I continued with the presentation of our Industry Track paper From Freebase to Wikidata: The Great Migration, in which we describe our ongoing data transfer project for migrating the (now shut-down) structured knowledge base Freebase to Wikidata. We further report on the data mapping challenges, provide an analysis of the progress so far, and also describe the Primary Sources Tool that aims to facilitate this—and future—data migrations. The tool has been released as open source.

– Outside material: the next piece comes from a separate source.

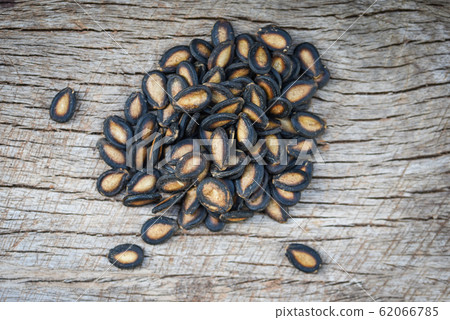 watermelon seeds on wood background / close up watermelon seeds on wood background / close up 62066785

For me, the day ended with an interesting paper on The QWERTY Effect on the Web—How Typing Shapes the Meaning of Words in Online Human-Computer Interaction. I had never heard of the QWERTY effect before, but it is based on the hypothesis that on average words typed with more letters from the right side of the keyboard are more positive in meaning than words typed with more letters from the left. According to the paper, there is some evidence that this hypothesis also holds true for the Web.

Main Conference, Day 3

In the paper Tell Me About Yourself: The Malicious CAPTCHA Attack, the authors show how fake CAPTCHAS (Completely Automated Public Turing tests to tell Computers and Humans Apart) can be used to trick users into unwillingly disclosing private information like one's Facebook name displayed in (social widget) iframes embedded in attack pages that do not have access to this private data due to the Same Origin Policy by having users solve such fake CAPTCHAs consisting of many CSS-disguised iframes.

Google runs a service called Safe Browsing that alerts users when websites get compromised. In the paper Remedying Web Hijacking: Notification Effectiveness and Webmaster Comprehension, the authors provide a study that captures the life cycle of 760,935 hijacking incidents from July, 2014 to June, 2015, as identified by Google Safe Browsing and Search Quality. They observe that direct communication with webmasters increases the likelihood of cleanup by over 50% and reduces infection lengths by at least 62%.

Another paper on Wikipedia looked at Growing Wikipedia Across Languages via Recommendation by detecting missing articles, ranking them by local importance, and finally contacting potential Wikipedia editors via email and suggesting them to write the article in question. The authors have deployed the Wikipedia GapFinder that shows the appraoch in practice.

Other Observations

The Social Media Research Foundation provides a NodeXL-based visualization of the network of tweets that used the #WWW2016 hashtag, including all my #WWW2016 tweets.

One thing I noticed at the conference is that we (and I fully include myself here) from time to time still tend to unconsciously use stereotyped, gendered language where it is inadequate in the general case ("so easy my mom or grandma could use it", "to pass the 'mom test'", etc.). I called this out in a tweet. You may want to follow the interesting conversation it has started on Twitter or Facebook (if you are friends with me). This tweet led Christopher Gutteridge to create the imaginative naive Web user Rube.

Oh, and in the old days, there used to be more bananas… Next conference!